Counts of Luxburg (German Graf von Luxburg) in the 18th century also the family Girtanner of Luxburg, is originally the name of a St. Galler Council member that immigrated from Girtannerhof in the canton of Appenzell. After the Holy Roman Empire was dissolved in 1806, the family which were Reichsgraf (Count of the Empire) were admitted in 1813 to the Kingdom of Bavaria as Bavarian Graf (count). Documentary records appear for the first time under the name Girtanner in the year in 1386.

==History==
Hereditary knighthood was acquired from St. Gallen as a general agent of the Lorraine salt works, the previously closed at Luxburg Egnach am Bodensee - March 1776 in Vienna. The family was elevated to Freiherr (baron) on 29 January 1779 in Vienna with same coat of arms as for Johann Girtanner Ritter of Luxburg. The family was again elevated to Reichsgraf (Count of the Empire) by Elector Karl Theodor of Bavaria Palatinate as imperial vicar in Munich 24 September 1790 for John's son Johann Friedrich Freiherr von Zweibrücken and Luxburg as “pfalzgräflich landgräflich” Hesse-Darmstadt urban Privy Council and Upper Schenk.

The family was enrolled in the Kingdom of Bavaria to the Count Class 11 January 1813 for the latter's son Friedrich Graf von Luxburg as Bavarian Royal Chamberlain and Ambassador to Kassel.

==Coat of arms==
By a silver St.
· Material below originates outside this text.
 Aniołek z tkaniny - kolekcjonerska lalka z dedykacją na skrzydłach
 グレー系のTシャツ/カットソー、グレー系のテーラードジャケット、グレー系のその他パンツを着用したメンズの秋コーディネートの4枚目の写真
Andrew's cross of red and blue diagonally quartered and topped with green heart shield, in a seated natural lynx, the oblique left bar of the St. Andrew's Cross has six top ousted gold studded brown Hifthörnern, the oblique right bar with six brown arrows one after the other with steel spikes and red feathers . Two helmets, on the right with blue and silver covers the lynx sitting on the left with red- silver covers a split of red and blue eagle wings, topped with a silver slant right bar is an arrow as imSchild . Sign High : Two resist seeing natural lynx . Banner below the coat of arms with the motto of Luxburg family Leo Lex Lux.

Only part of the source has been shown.